There are other stories in the book that are all relatable. Some were nice, but I have no recollections in my childhood because I am an urbanised northern kid to a very large extent but all the same, I got to see how some things made a difference to a northern girl. I would have loved to see a chapter about how northern boys have affected her childhood. She decided that we are not that important sha, but I will forgive her.
The writing is impeccable. It is simple to understand. Balpolam doesn’t create ambiguity. She uses her stories as a didactic tool to conscientize and draws us back to age-old traditions of love, peace, truth and satisfaction with whom one is becoming. One that bears mentioning is the fact that we didn’t care about your religious differences but shared food on Christmas or Sallah. I miss that though. Because we were living as a community not devoid of differences but embracing our humanity.

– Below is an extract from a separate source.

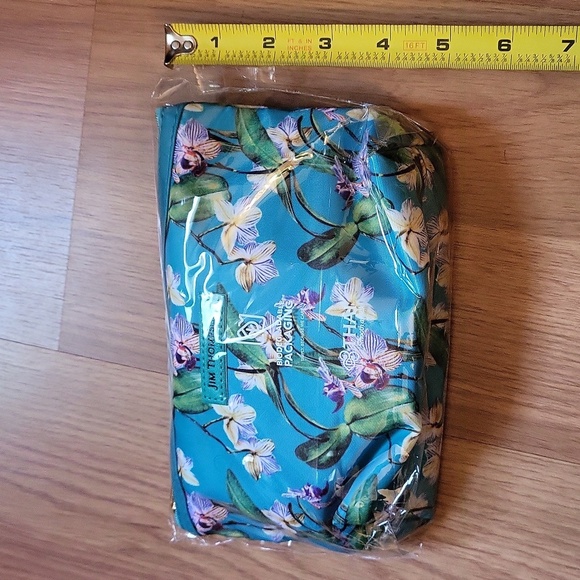 Brand New Jim Thompson Amenity Kit Thai White Lotus Thailand - Picture 4 of 5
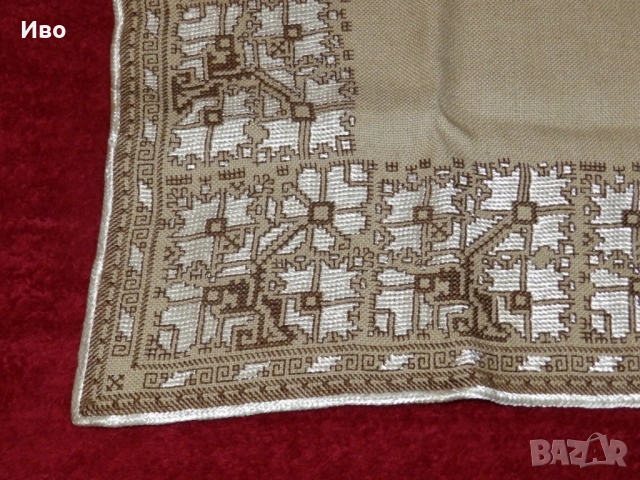 Нови бродирани ленени покривки, снимка 2 - Покривки за маси - 54042552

To Ballie, you have inspired me that every story is worth telling. This story may be your story but it’s our story too! I see a woman working in the steps of great icons like Ladi Kwali, Zaynab Alkali, and other writers like you.
If you have a copy of Growing, Up North, don’t plan to keep it on that shelf or table, and leave it unread. Ballie did not go through sleepless nights, crafting words and editing for you to keep her mind on the shelf where countless minds have been left unread. If you haven’t, get a copy and for your friend too.